Deep Learning Simplified Repository (Proposing new issue)

🔴 Project Title : Breast Cancer Type Detection using Explainable AI

🔴 Aim : The main objective of this project is to predict whether a tumor is benign or malignant using machine learning models and explain the model’s decisions using LIME (Local Interpretable Model-Agnostic Explanations). The dataset used in this project is the Breast Cancer Dataset available from Kaggle.

🔴 Dataset : https://www.kaggle.com/datasets/yasserh/breast-cancer-dataset

🔴 Approach : Try to use 3-4 algorithms to implement the models and compare all the algorithms to find out the best fitted algorithm for the model by checking the accuracy scores. Also do not forget to do a exploratory data analysis before creating any model.

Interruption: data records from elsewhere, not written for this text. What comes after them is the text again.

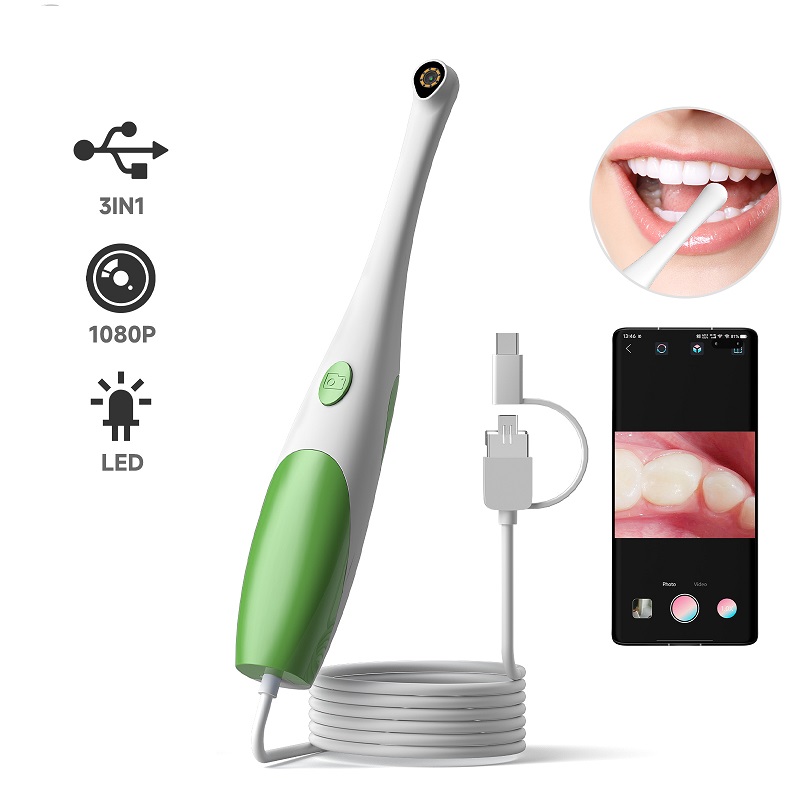 TYPE-C Visual Oral Camera 3in1 - огляд і ціна Teeth Whitening Video
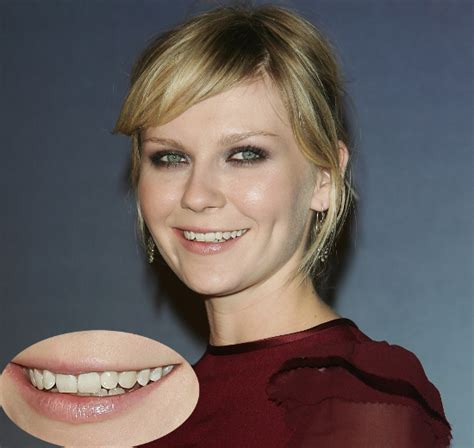 celebrities who won t fix their teeth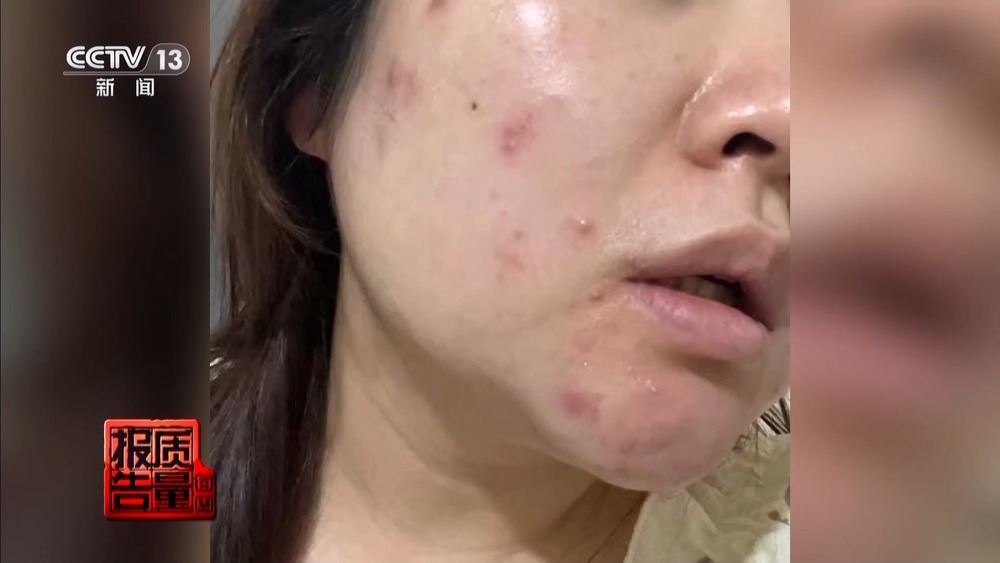 “针清”后痘痘不减反增 这些祛痘法操作不当可能会“烂脸” “针清”后痘痘不减反增 这些祛痘法操作不当可能会“烂脸”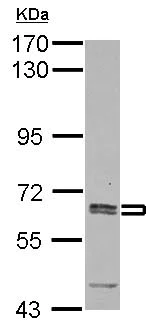 Western blot - Anti-Asparagine synthetase antibody (AB126254)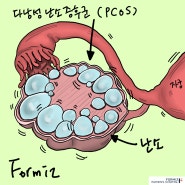 생리불순 원인 찾고 정상생리주기 돌리려면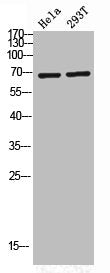 Western Blot analysis of HELA 293T cells using Phospho-PKC ζ (T560) Polyclonal Antibody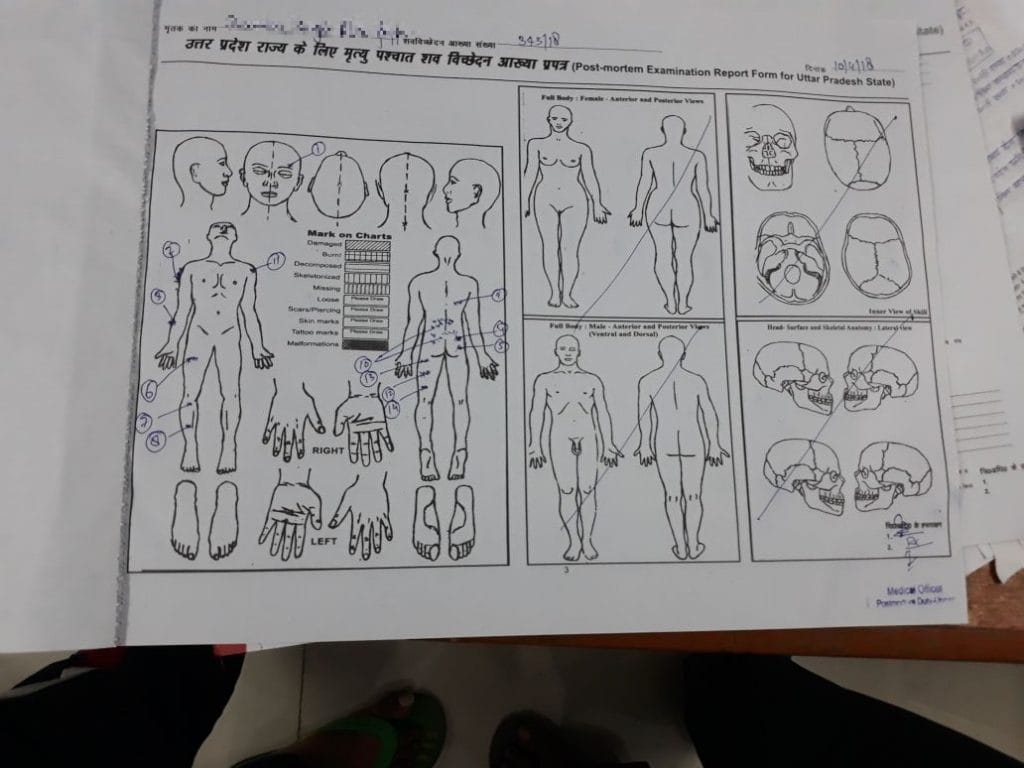 Unnao Rape victim postmortem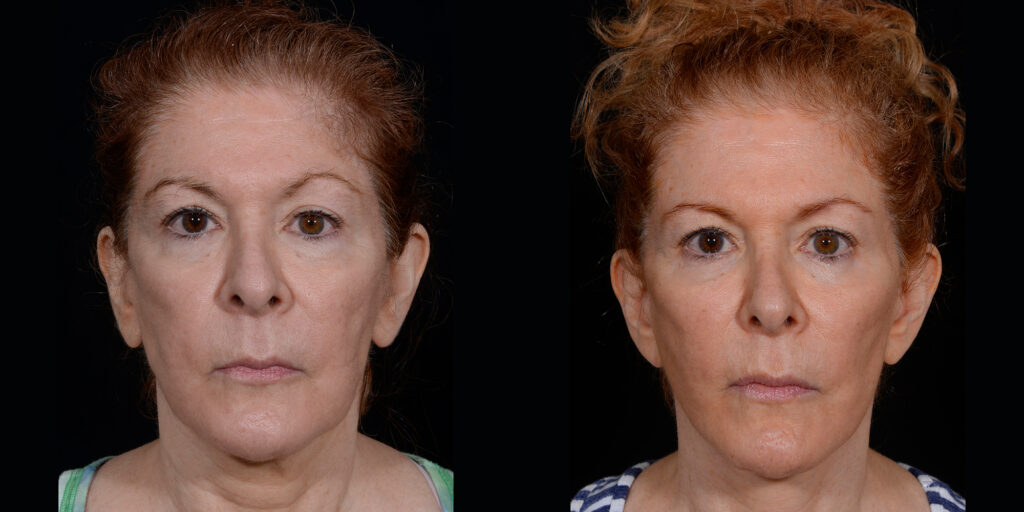 Face Lift by Craig Fournier, MD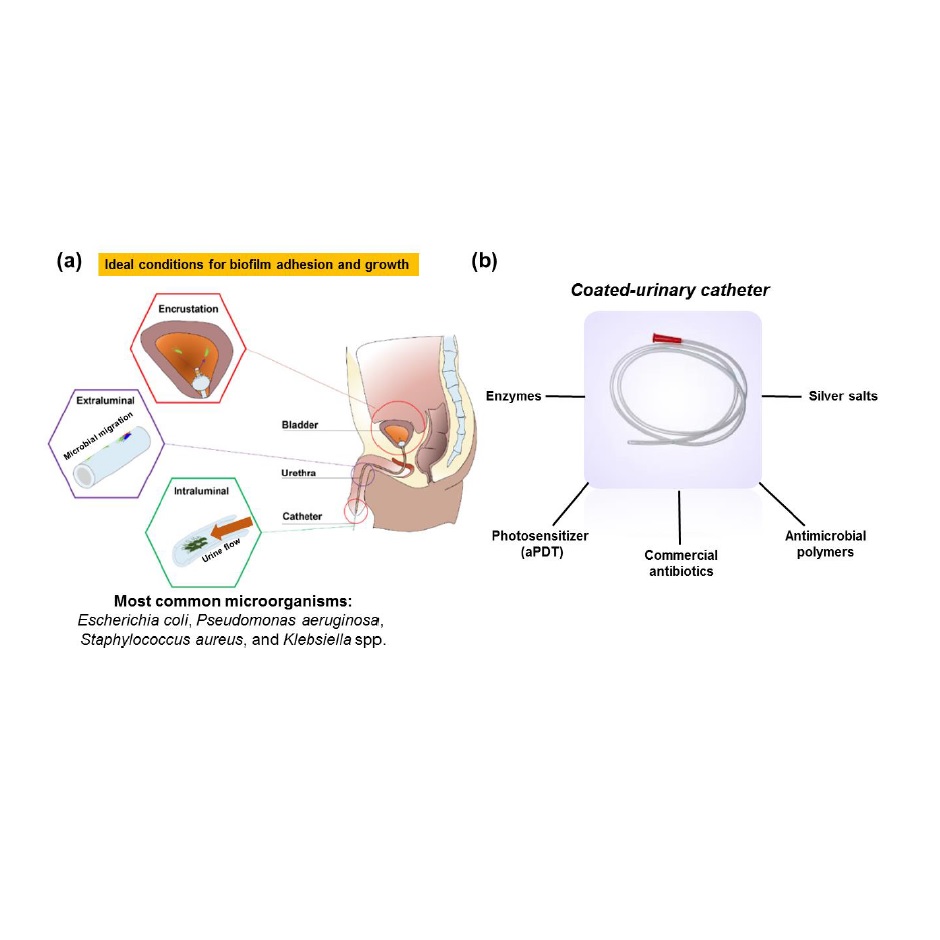 Self-disinfecting urethral catheter to overcome urinary infections: from antimicrobial photodynamic action to antibacterial biochemical entities.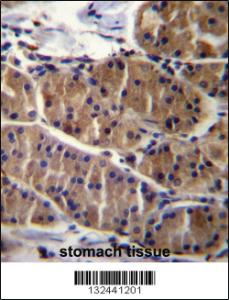 Anti-LRSAM1 Rabbit Polyclonal Antibody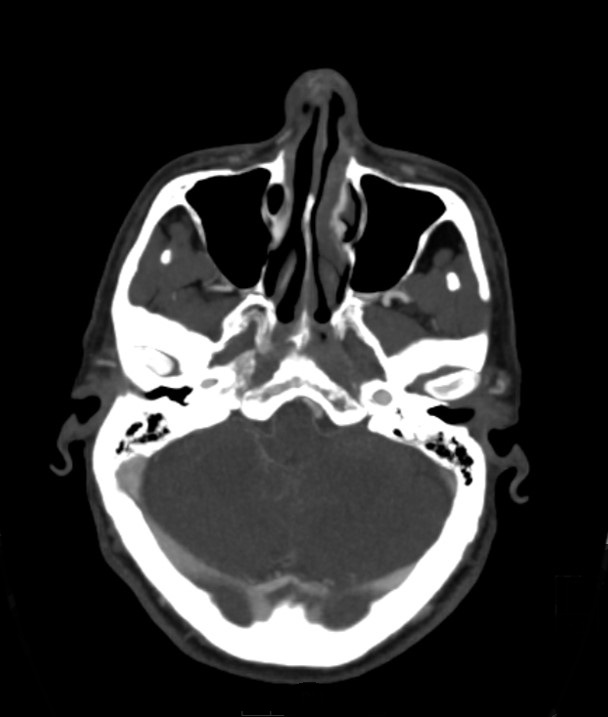 Basilar artery thrombosis and ascending transtentorial herniation (Radiopaedia 84759-100360 B 48).jpg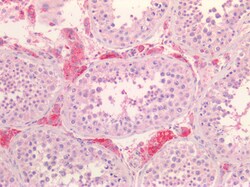 Invitrogen SR-BI Polyclonal Antibody 100 &mu;g; Unconjugated:Antibodies,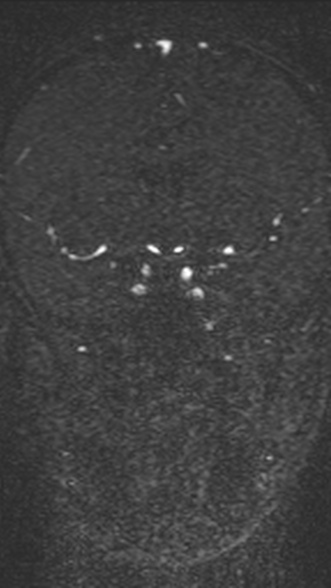 Normal MRI brain with MRV- teenager (Radiopaedia 49425-54553 Coronal MRV 111).jpg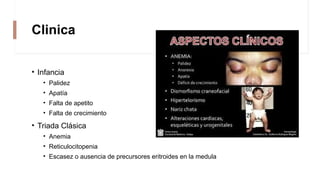 Clinica
• Infancia
• Palidez
• Apatía
• Falta de apetito
• Falta de crecimiento
• Triada Clásica
• Anemia
• Reticulocitopenia
• Escasez o ausencia de precursores eritroides en la medula
 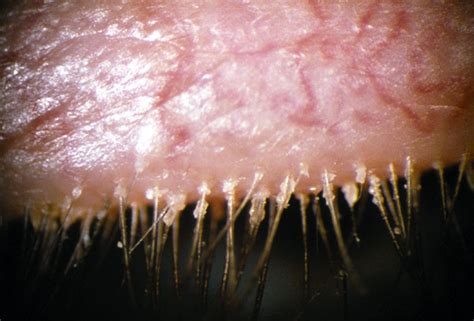 Blepharitis — Medlibes: Online Medical Library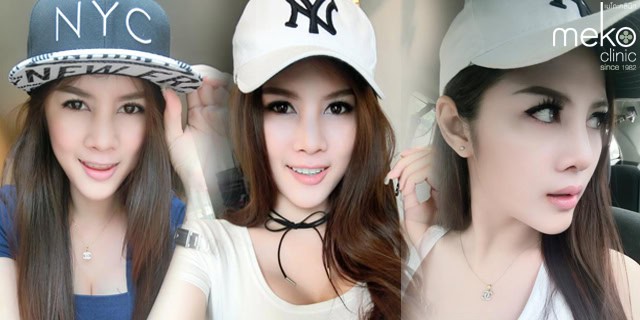 รีวิว เสริมคาง หมอยศ เมโกะ คลินิก คุณเอมมี่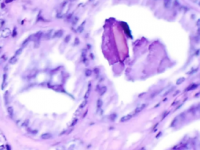 前列腺细胞的二维遗传图谱描绘了癌症的生长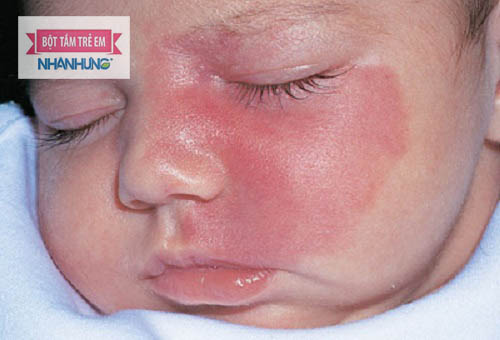 Chàm đỏ thường gặp nhiều nhất ở hai bên má của trẻ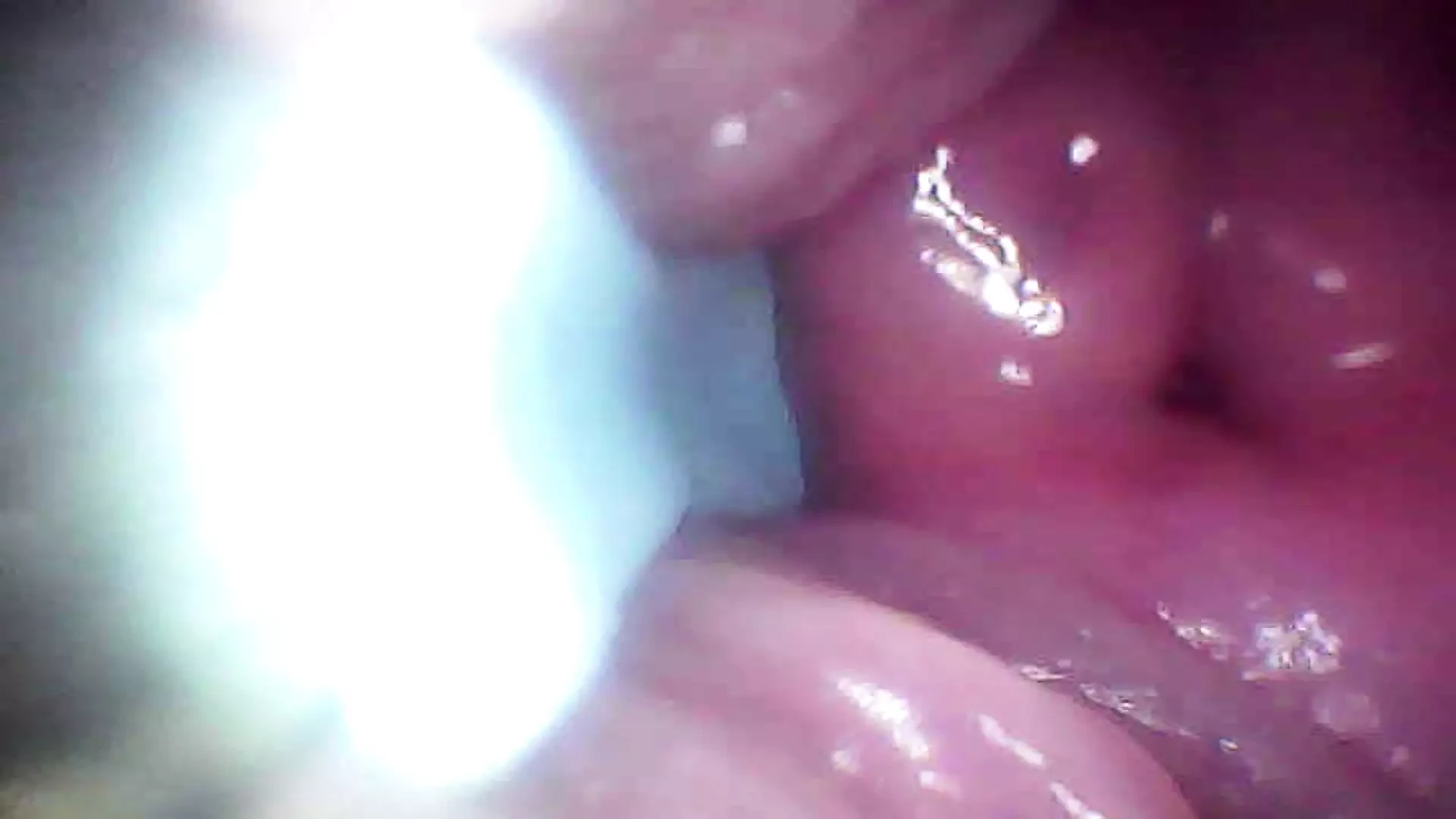 Recorded close-up of a woman’s G-spot (the camera probe goes deep into her)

📍 Follow the Guidelines to Contribute in the Project :

  • You need to create a separate folder named as the Project Title.
  • Inside that folder, there will be four main components.
    • Images - To store the required images.
    • Dataset - To store the dataset or, information/source about the dataset.
    • Model - To store the machine learning model you've created using the dataset.
    • requirements.txt - This file will contain the required packages/libraries to run the project in other machines.
  • Inside the Model folder, the README.md file must be filled up properly, with proper visualizations and conclusions.

🔴🟡 Points to Note :

  • The issues will be assigned on a first come first serve basis, 1 Issue == 1 PR.
  • "Issue Title" and "PR Title should be the same. Include issue number along with it.
  • Follow Contributing Guidelines & Code of Conduct before start Contributing.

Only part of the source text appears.